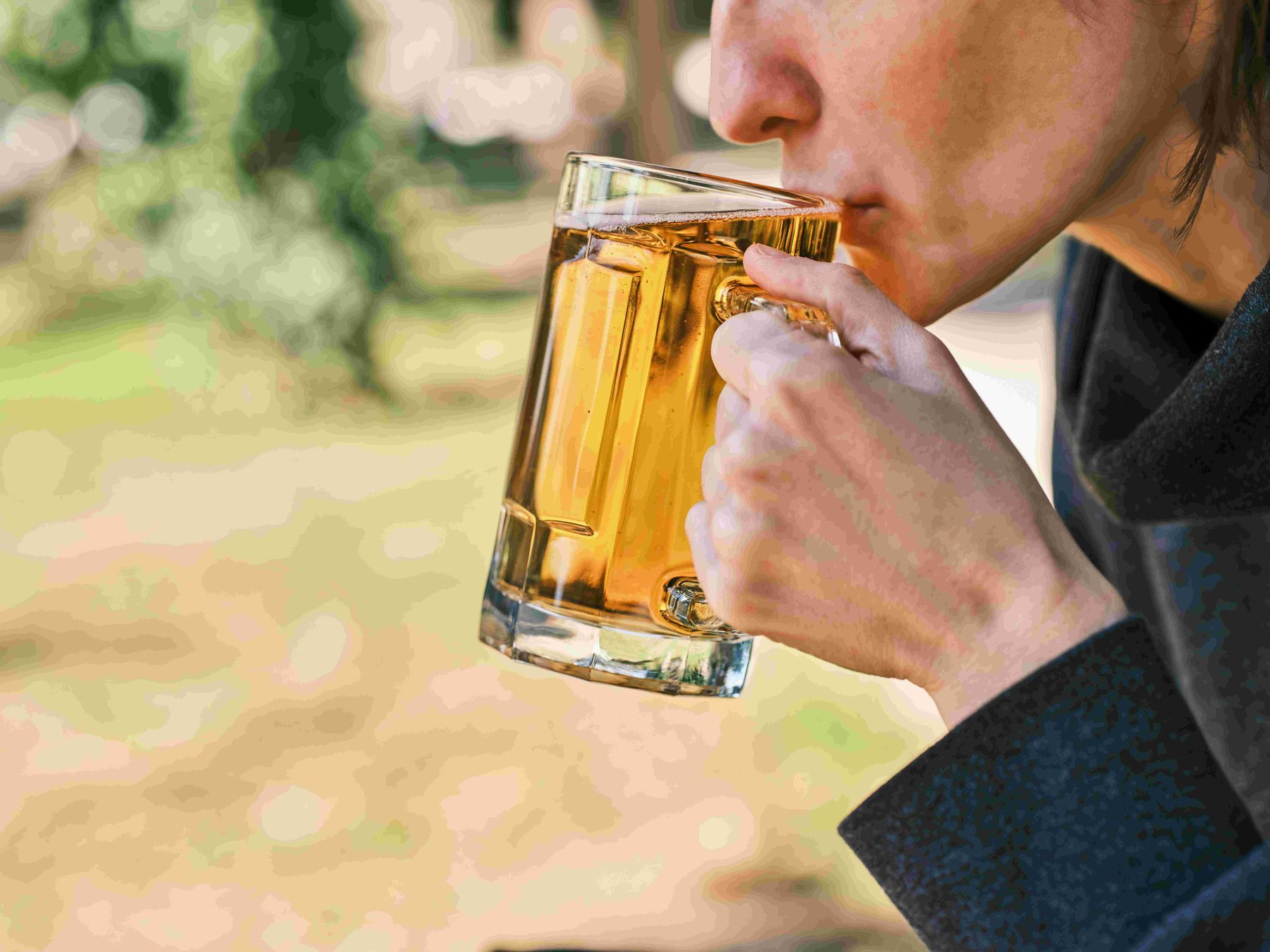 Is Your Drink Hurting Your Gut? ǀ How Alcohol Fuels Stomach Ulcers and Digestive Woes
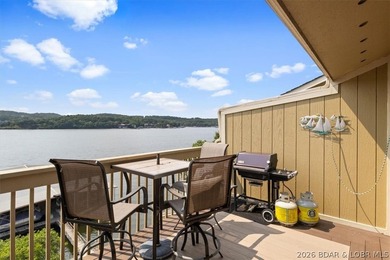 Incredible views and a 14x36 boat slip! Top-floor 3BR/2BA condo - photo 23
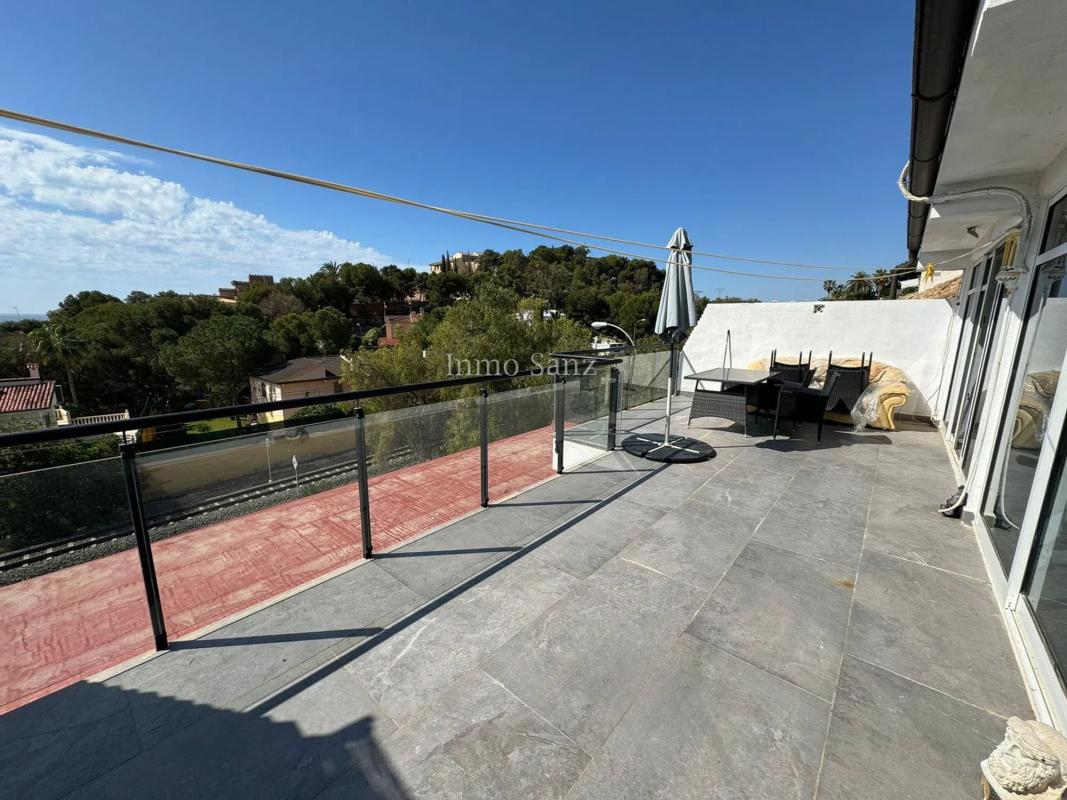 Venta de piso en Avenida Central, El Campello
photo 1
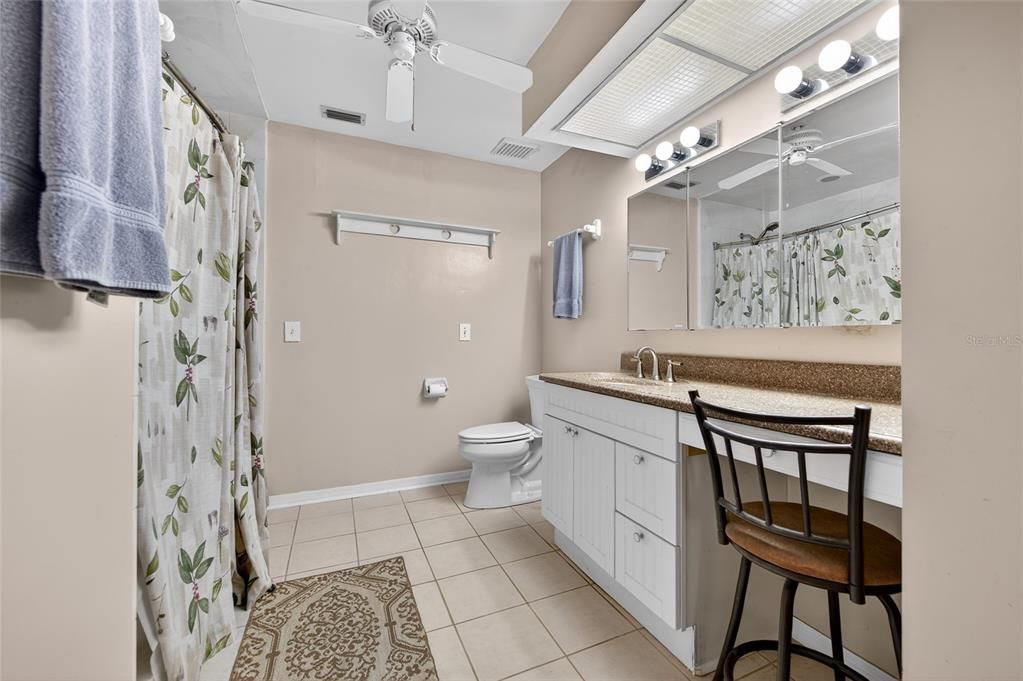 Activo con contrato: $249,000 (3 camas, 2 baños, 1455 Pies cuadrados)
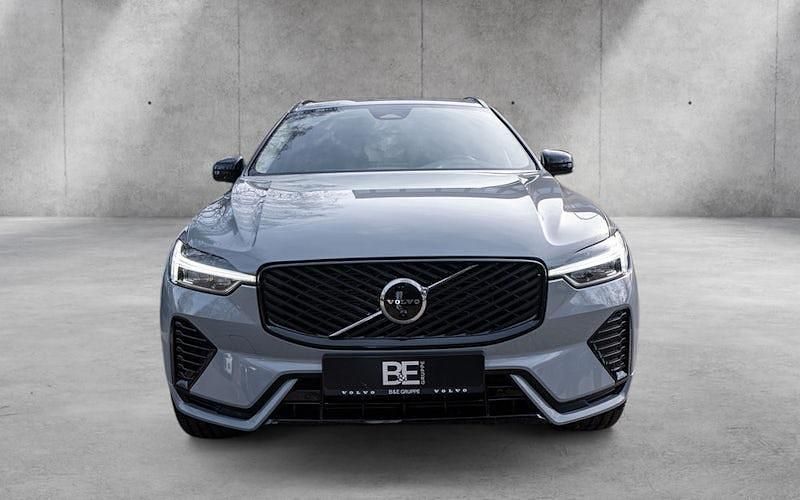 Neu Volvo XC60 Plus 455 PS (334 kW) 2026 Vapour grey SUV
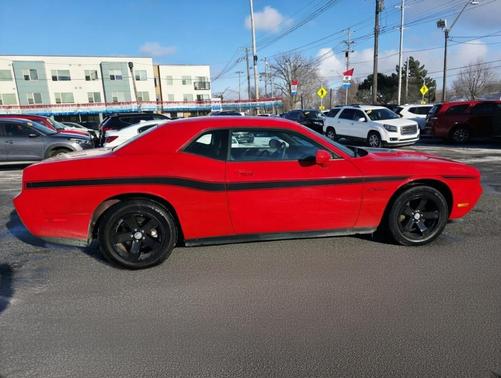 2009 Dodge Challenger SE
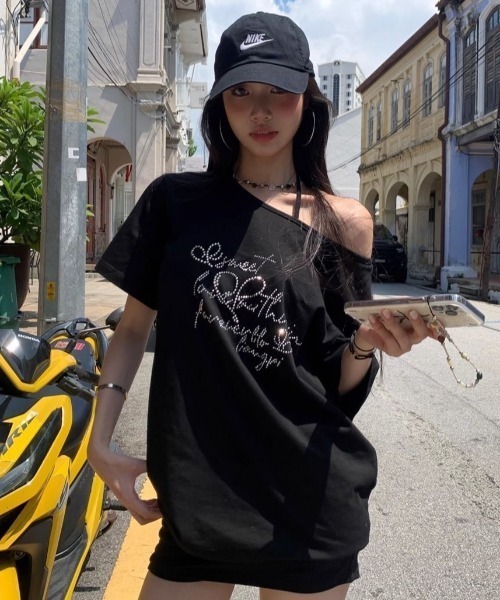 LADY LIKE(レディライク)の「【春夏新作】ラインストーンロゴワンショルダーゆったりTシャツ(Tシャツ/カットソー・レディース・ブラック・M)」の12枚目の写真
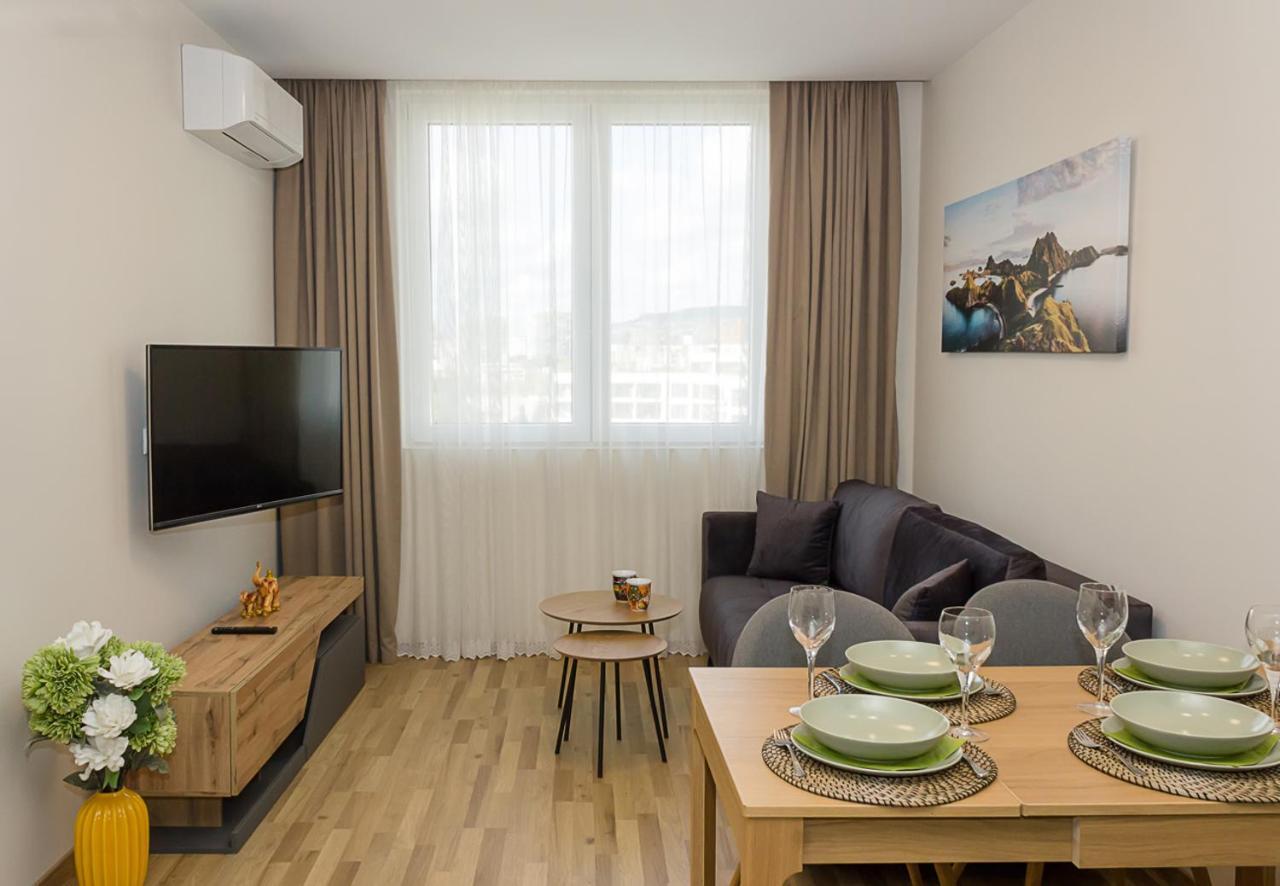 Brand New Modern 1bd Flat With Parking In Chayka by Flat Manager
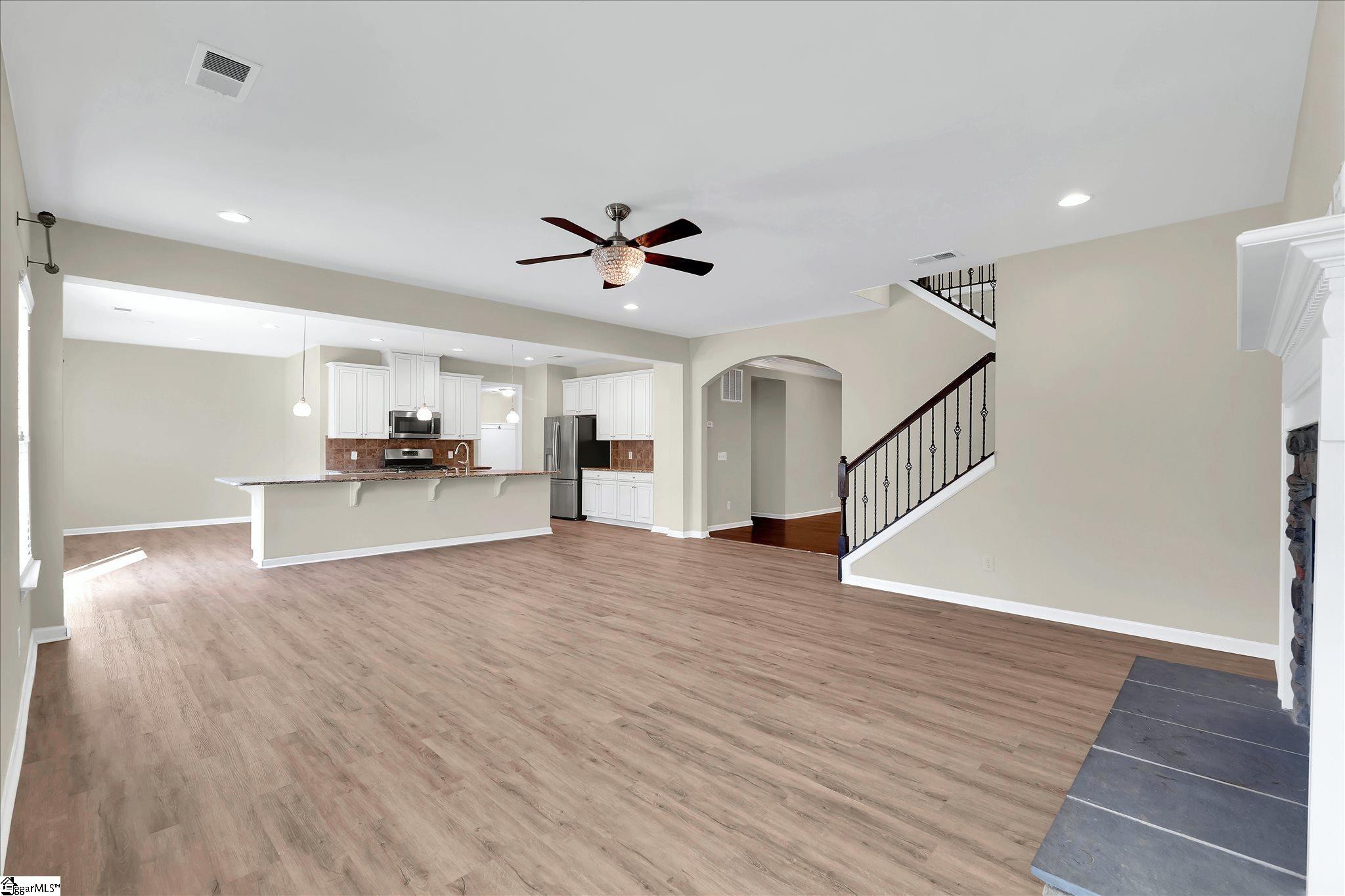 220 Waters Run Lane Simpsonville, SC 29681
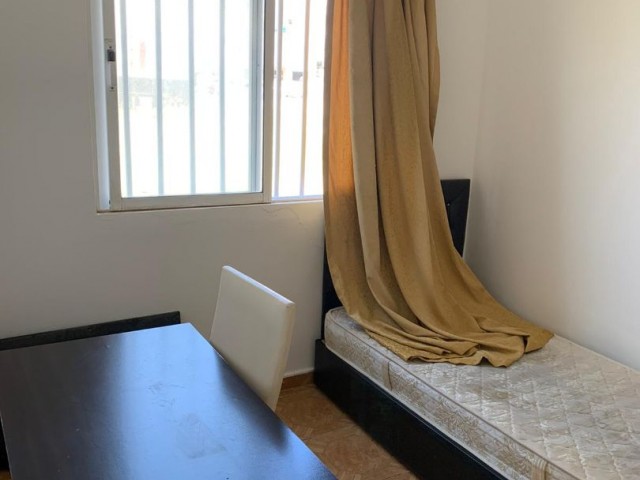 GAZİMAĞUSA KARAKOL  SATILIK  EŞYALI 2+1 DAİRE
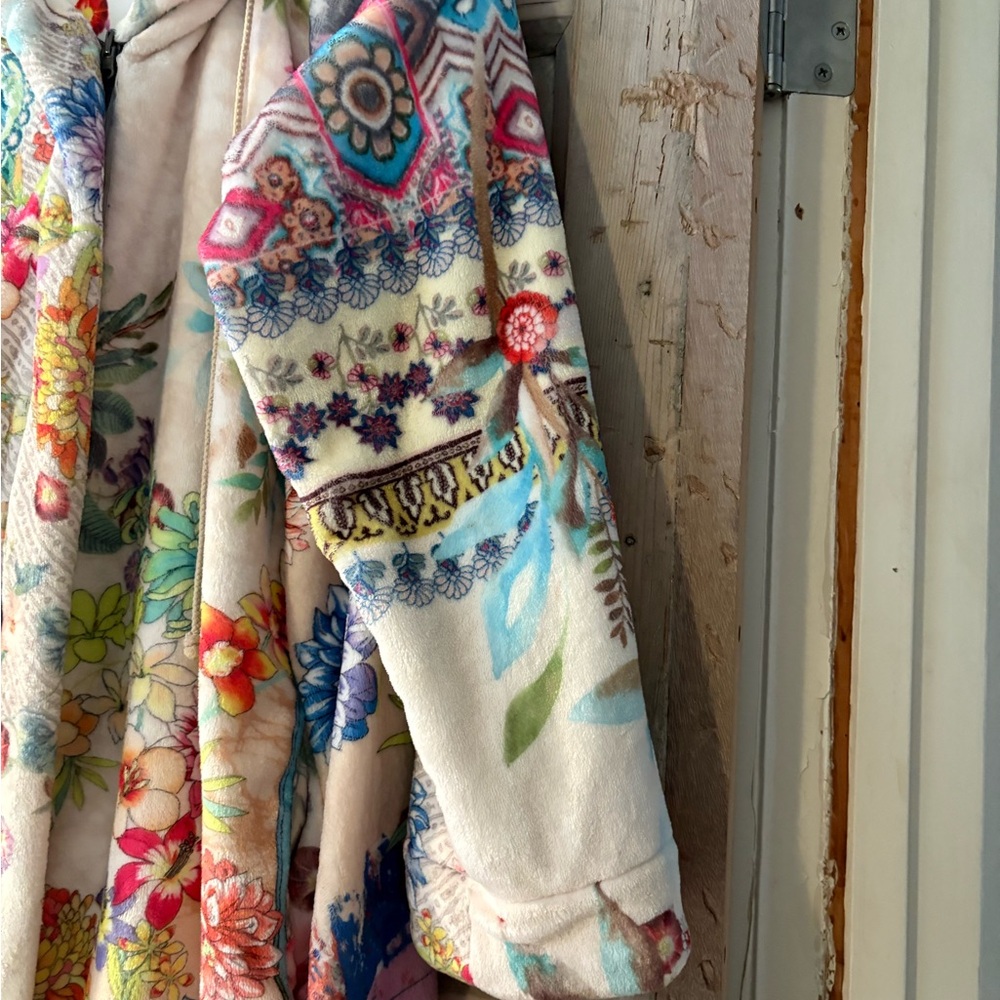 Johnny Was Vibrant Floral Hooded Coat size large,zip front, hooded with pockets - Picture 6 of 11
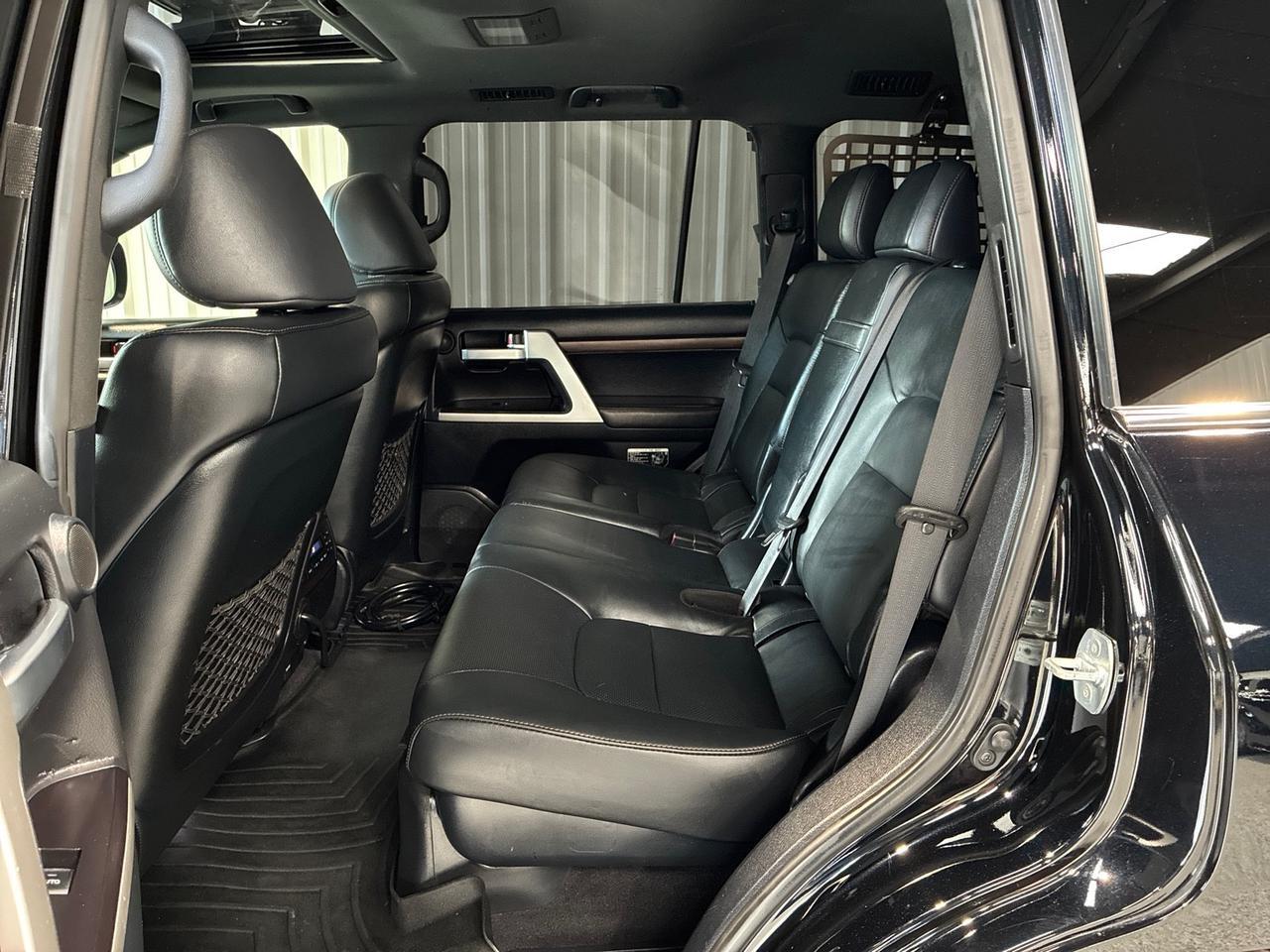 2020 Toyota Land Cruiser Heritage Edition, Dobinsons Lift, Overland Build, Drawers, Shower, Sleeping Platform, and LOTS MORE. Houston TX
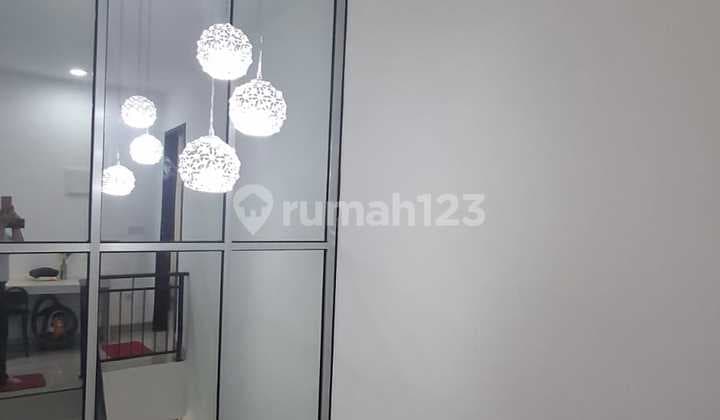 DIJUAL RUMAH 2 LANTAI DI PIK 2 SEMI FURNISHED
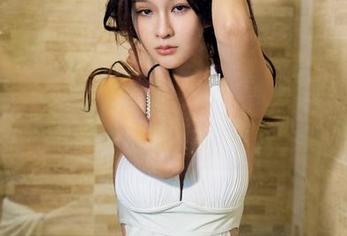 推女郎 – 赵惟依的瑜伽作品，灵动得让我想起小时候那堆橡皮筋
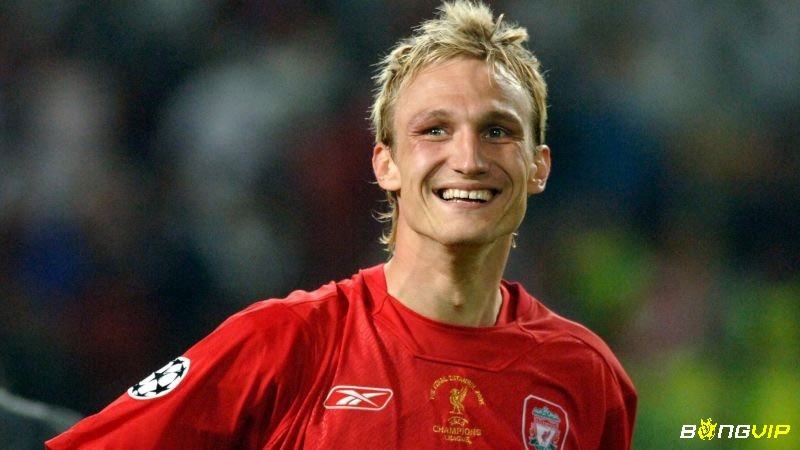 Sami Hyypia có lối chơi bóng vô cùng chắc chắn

____

Would you give again, exactly as written, the lines from the one containing "推女郎 – 赵惟依的瑜伽作品，灵动得让我想起小时候那堆橡皮筋" through the end of the records, with no pictures and no other lines?

COMPLETED EXERCISE:
 推女郎 – 赵惟依的瑜伽作品，灵动得让我想起小时候那堆橡皮筋
 Sami Hyypia có lối chơi bóng vô cùng chắc chắn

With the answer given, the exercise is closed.